For a product join with DPE, the left relation is sorted by RowKey using the same partitioning expression as the right relation.
Rows from the left relation are loaded into the cache one row partition at a time. This partition is then set as the partition for reading the right row-partitioned table. When the end of the partition for the right table is reached, the system reloads the left cache with the next row partition, and the process is repeated.
For example, if there are 100 row partitions in the row-partitioned table and only 5 are needed to answer the join request, the system does not join the other 95 row partitions, providing a 95% resource saving for the operation.
- The primary indexes
- The system-derived PARTITION columns
- The partitioning columns of the row-partitioned table
- The column in the other table being equated with the partitioning column of the row-partitioned table
Product Join with Dynamic Row Partition Elimination for Character Partitioning
- The estimated cost of the join is less than the estimated cost of all other join types.
- There must no more than one character partitioning column at the partitioning level being considered.
- If the session collation or the collation of the row-partitioned table is either MULTINATIONAL or CHARSET_COLL, and if any comparison or string function involving any non-constant expressions in the partitioning expression at the partitioning level being considered is case insensitive, the session collation must match the collation of the row-partitioned table.The following functions and attribute are case-insensitive.
- LOWER function
- SOUNDEX function
- UPPER function
- UPPERCASE attribute
The following functions are case-sensitive.- CHAR2HEXINT
- TRANSLATE
- TRANSLATE_CHK
- TRIM
- VARGRAPHIC
Presence of the concatenation operator (||) marks the expression as having the property of being both case sensitive and case insensitive.

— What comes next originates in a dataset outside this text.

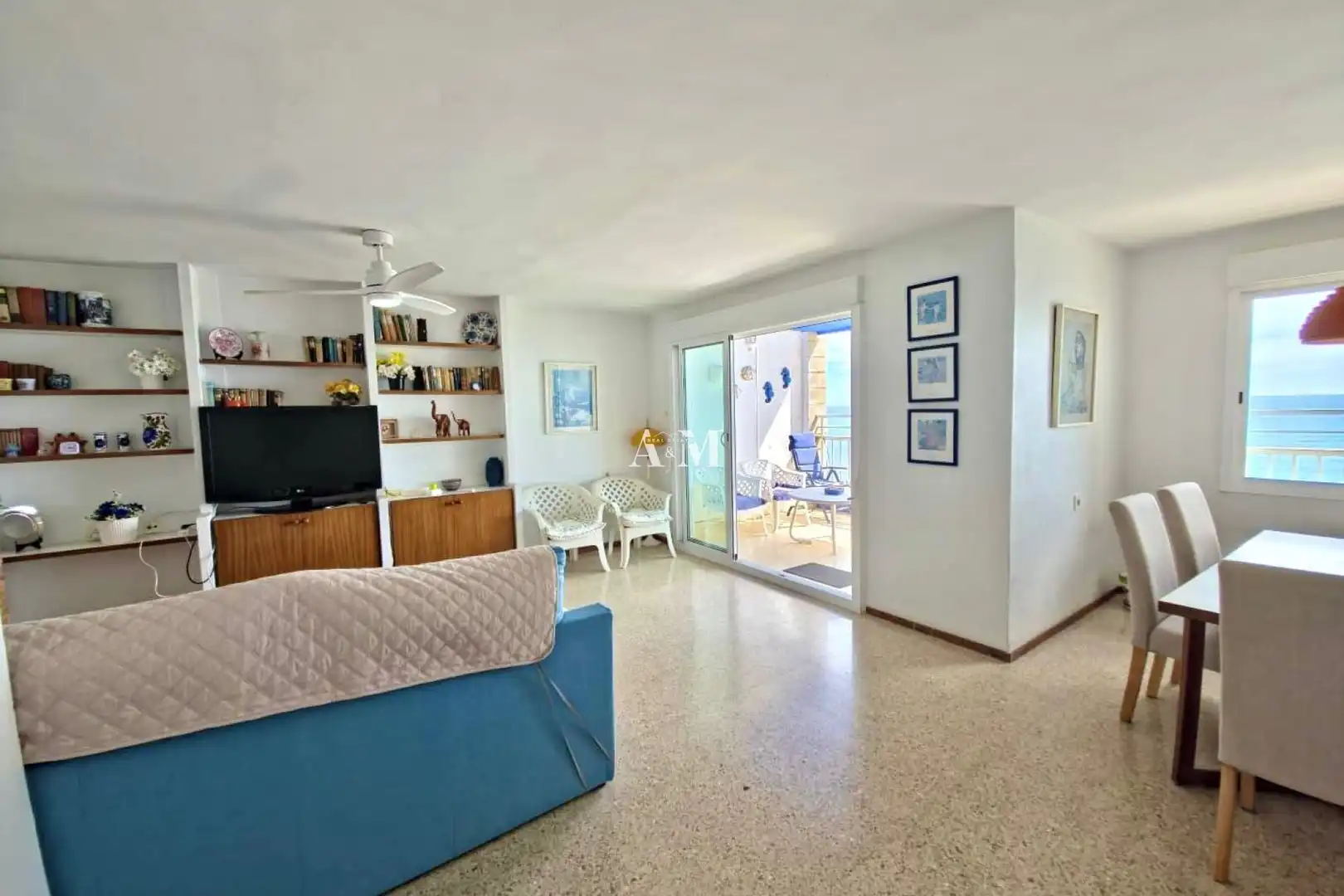Sala de estar de Piso de alquiler en Torrevieja con Aire acondicionado, Calefacción y Terraza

The following functions follow the same rules as comparison operators, function input arguments, and the default case sensitivity for the session mode that was in effect when the CPPI was created or modified, all of which the system examines to determine case sensitivity:- INDEX
- MINDEX
- POSITION
Specifying the SUBSTRING function does not affect case sensitivity.
- If the WHERE clause predicate that qualifies a row partitioning level for a product join with DPE is case insensitive, then all comparisons and all string functions in any non-constant expressions in the partitioning expression for that level must also be case-insensitive.
The WHERE clause predicate is considered to be case-insensitive if any of the comparisons or string functions involving non-constant expressions in the condition is case-insensitive.
For the Optimizer to specify a product join with DPE for a given row partitioning level, the collation for the current session need not match the collation for the row-partitioned table when all equality join terms on character partitioning columns are case-sensitive.